Content starts

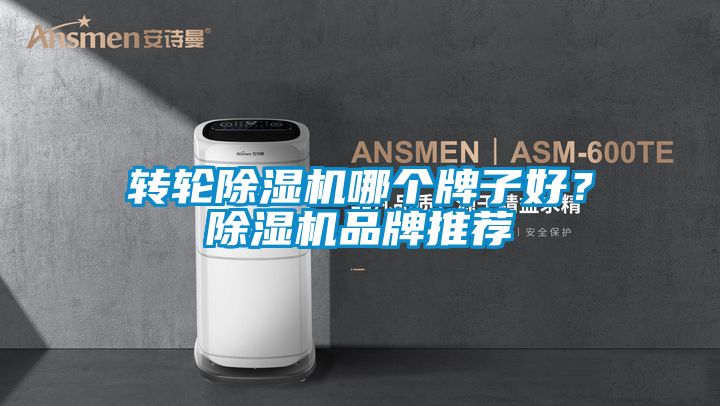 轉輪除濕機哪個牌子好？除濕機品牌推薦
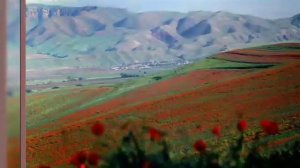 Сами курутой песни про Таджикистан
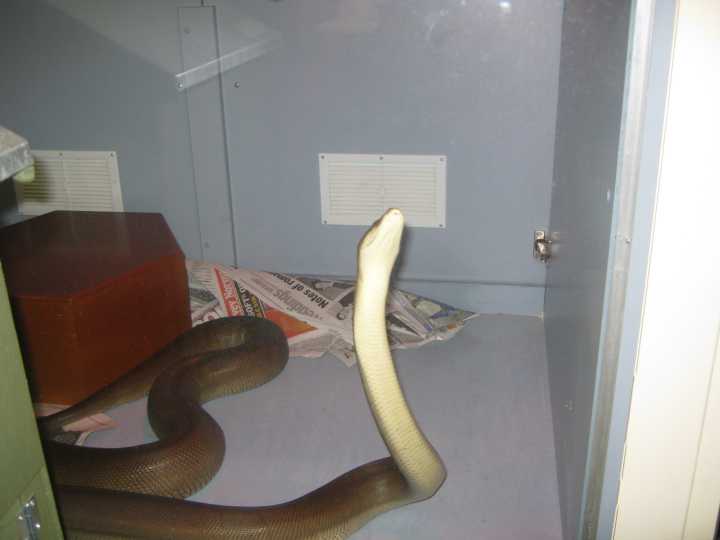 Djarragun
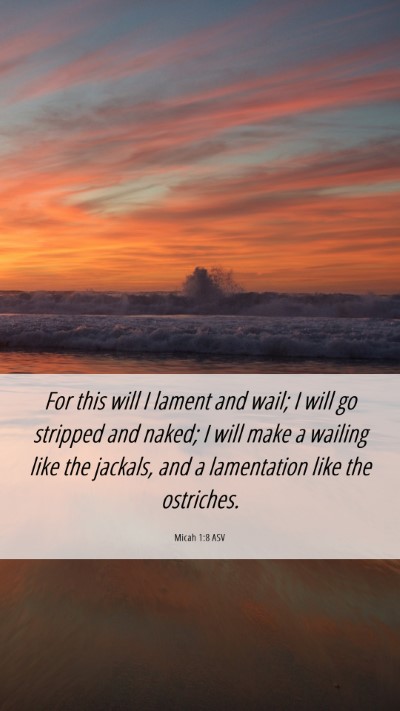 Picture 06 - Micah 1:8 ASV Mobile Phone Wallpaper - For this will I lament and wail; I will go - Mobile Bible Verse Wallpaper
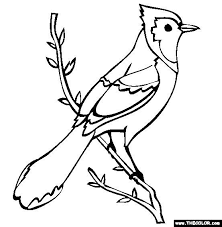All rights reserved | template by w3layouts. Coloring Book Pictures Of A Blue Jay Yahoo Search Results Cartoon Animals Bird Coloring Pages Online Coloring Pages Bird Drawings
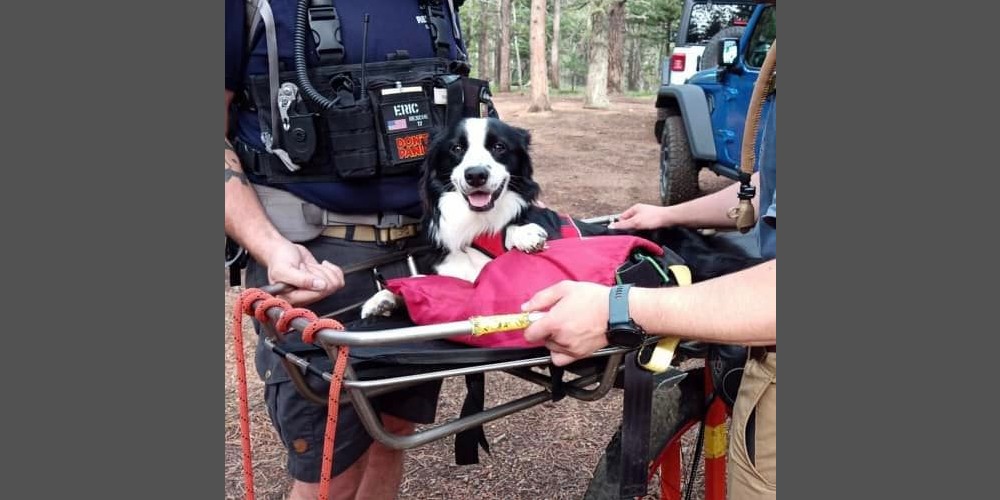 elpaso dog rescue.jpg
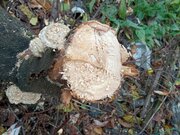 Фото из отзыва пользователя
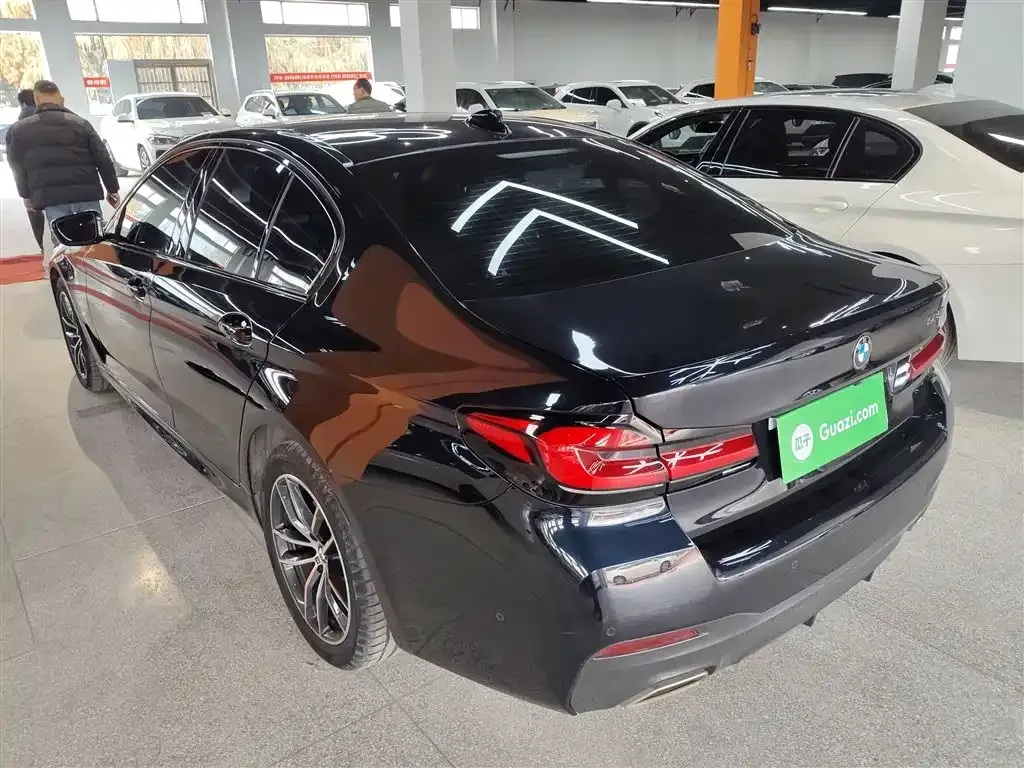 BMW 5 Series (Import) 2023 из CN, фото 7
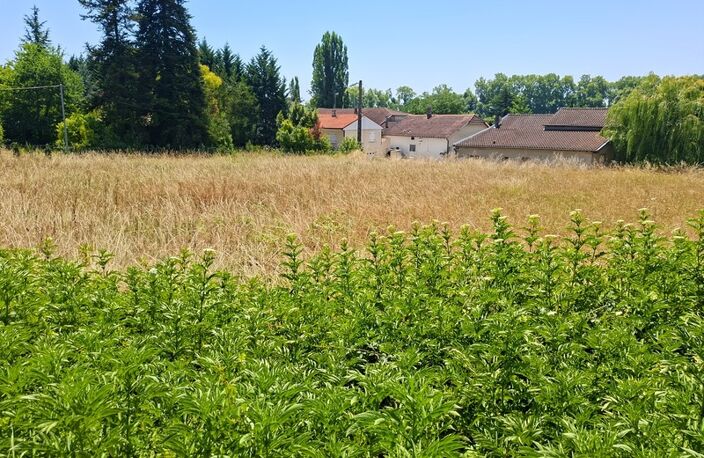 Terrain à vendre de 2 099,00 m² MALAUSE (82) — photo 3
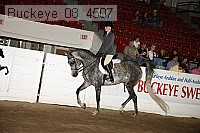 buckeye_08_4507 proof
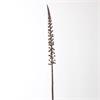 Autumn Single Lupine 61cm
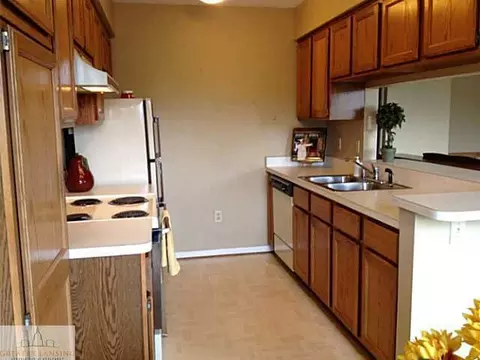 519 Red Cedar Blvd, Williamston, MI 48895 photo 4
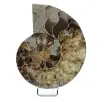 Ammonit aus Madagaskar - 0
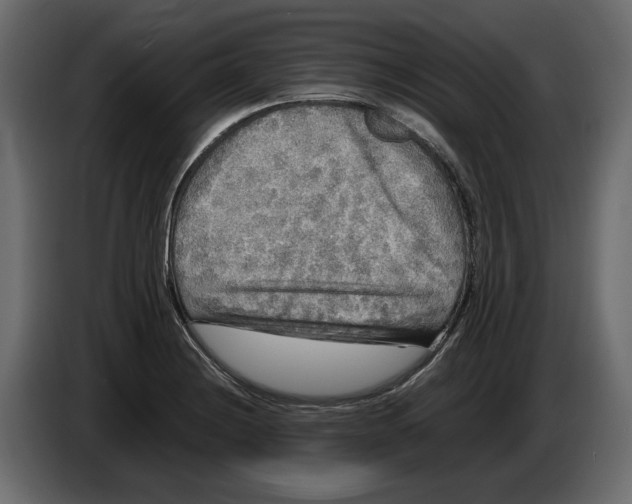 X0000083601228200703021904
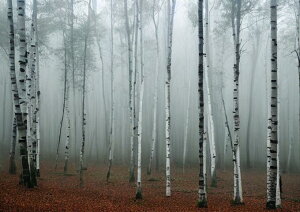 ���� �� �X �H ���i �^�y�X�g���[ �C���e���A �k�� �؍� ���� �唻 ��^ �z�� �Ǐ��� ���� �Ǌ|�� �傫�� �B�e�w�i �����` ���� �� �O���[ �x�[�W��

Content ends
Content starts

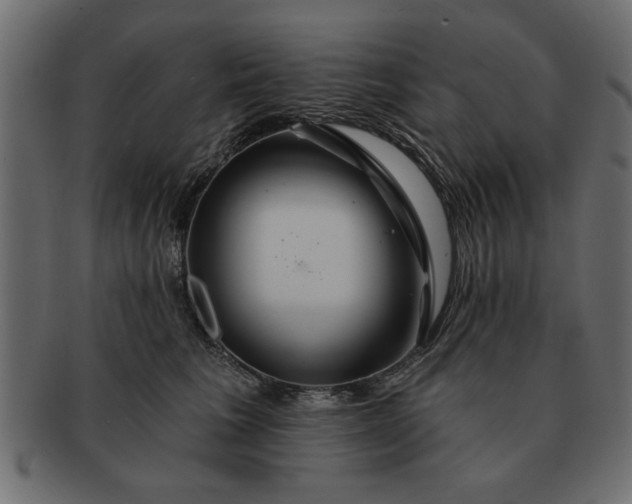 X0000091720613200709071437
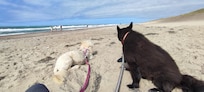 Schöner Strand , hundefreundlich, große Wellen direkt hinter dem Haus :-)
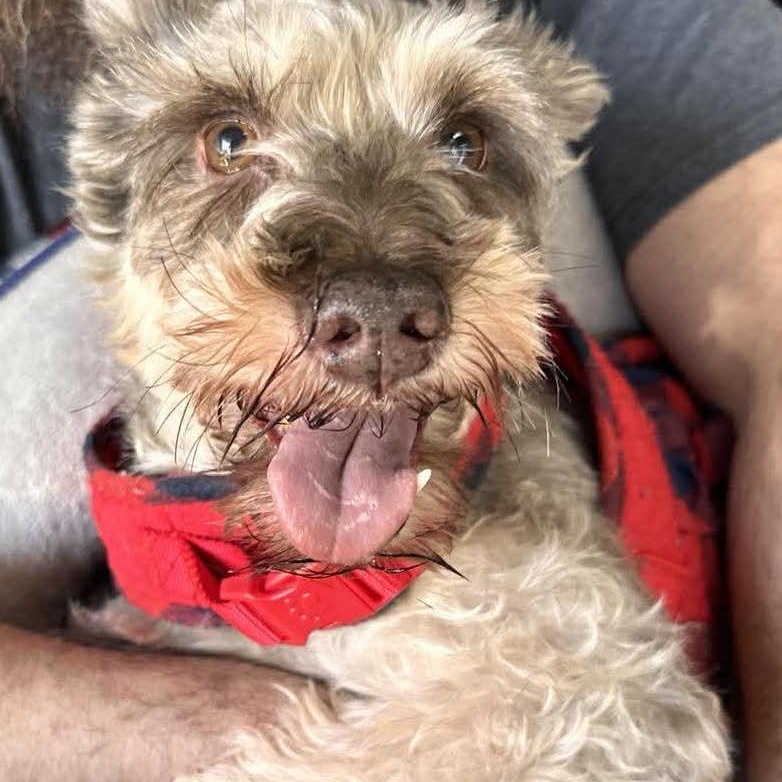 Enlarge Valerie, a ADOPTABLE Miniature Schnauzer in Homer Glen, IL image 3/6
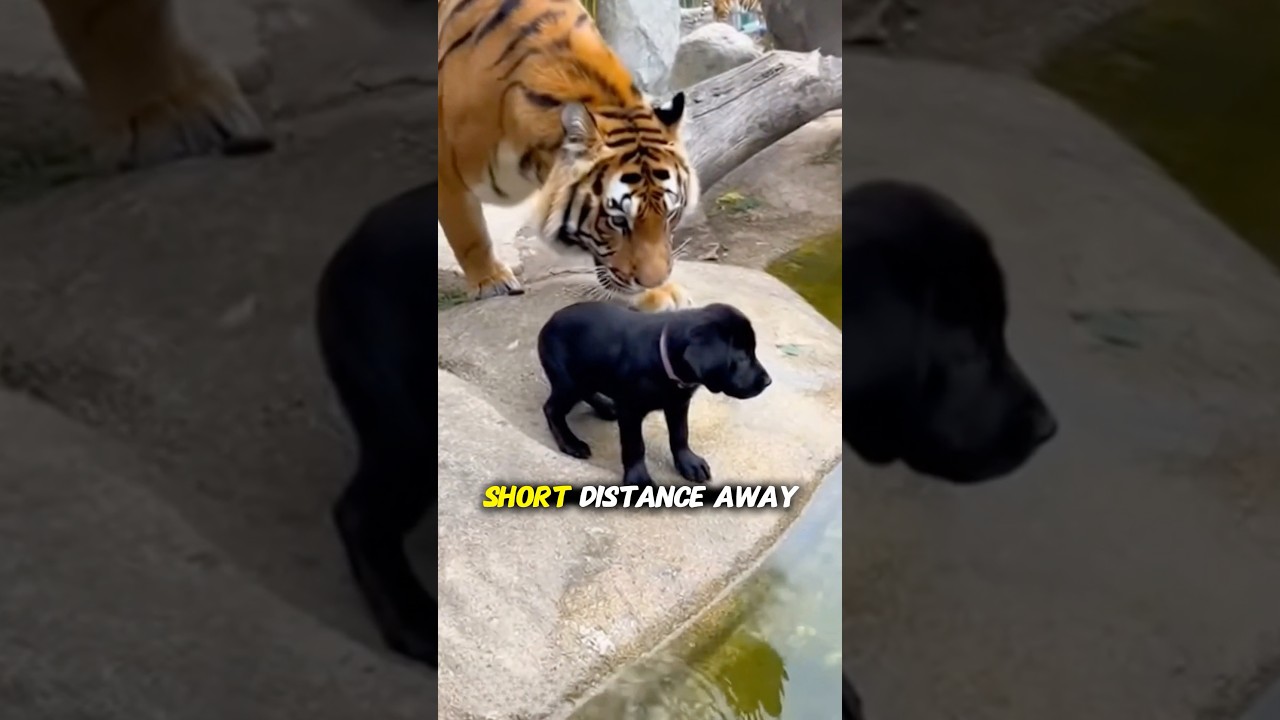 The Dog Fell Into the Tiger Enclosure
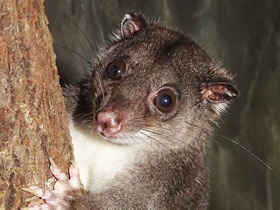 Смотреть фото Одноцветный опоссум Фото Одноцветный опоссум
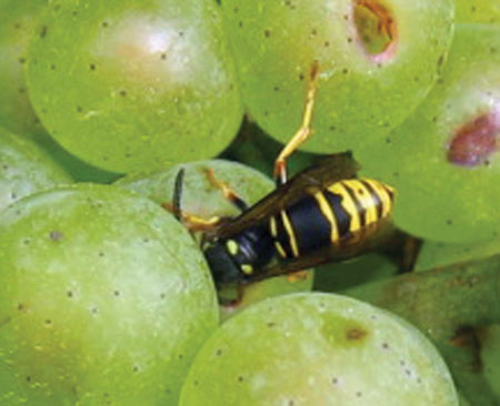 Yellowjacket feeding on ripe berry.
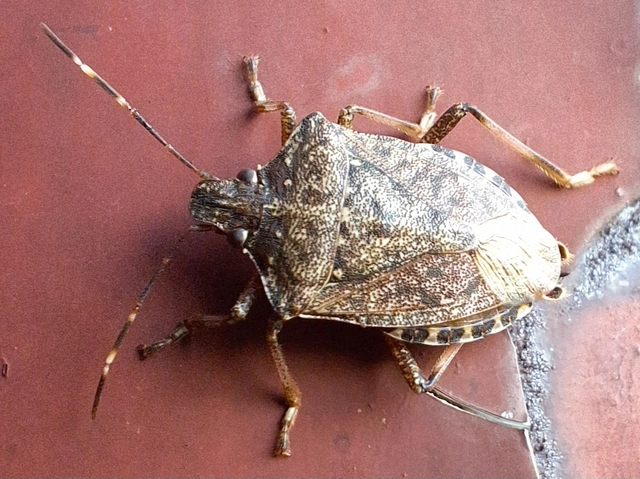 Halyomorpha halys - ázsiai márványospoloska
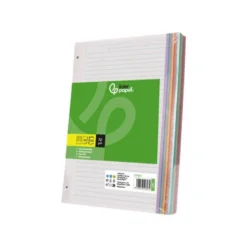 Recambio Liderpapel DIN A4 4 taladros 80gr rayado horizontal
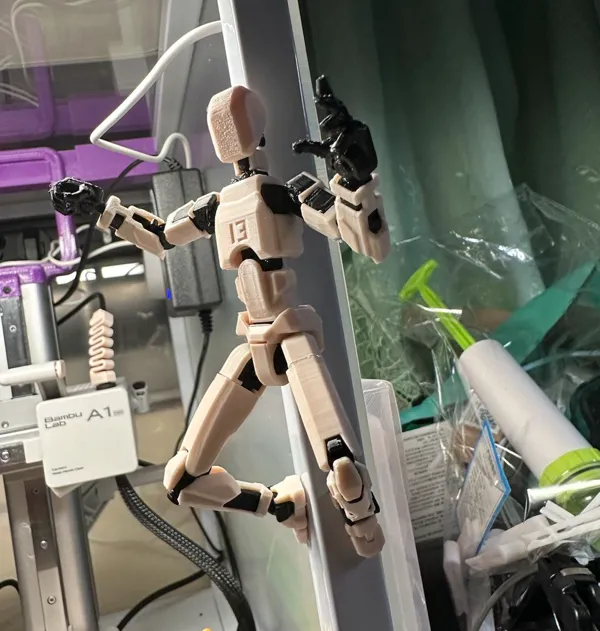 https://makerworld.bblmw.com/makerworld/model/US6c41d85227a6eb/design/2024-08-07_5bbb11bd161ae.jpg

Content ends

* **Task to carry out**
Nothing but the lines from the one with "轉輪除濕機哪個牌子好？除濕機品牌推薦" to the one with "519 Red Cedar" above, both included, should be transcribed, exactly and without pictures.

* **Exercise output**
 轉輪除濕機哪個牌子好？除濕機品牌推薦
 Сами курутой песни про Таджикистан
 Djarragun
 Picture 06 - Micah 1:8 ASV Mobile Phone Wallpaper - For this will I lament and wail; I will go - Mobile Bible Verse Wallpaper
All rights reserved | template by w3layouts. Coloring Book Pictures Of A Blue Jay Yahoo Search Results Cartoon Animals Bird Coloring Pages Online Coloring Pages Bird Drawings
 elpaso dog rescue.jpg
 Фото из отзыва пользователя
 BMW 5 Series (Import) 2023 из CN, фото 7
 Terrain à vendre de 2 099,00 m² MALAUSE (82) — photo 3
 buckeye_08_4507 proof
 Autumn Single Lupine 61cm
 519 Red Cedar Blvd, Williamston, MI 48895 photo 4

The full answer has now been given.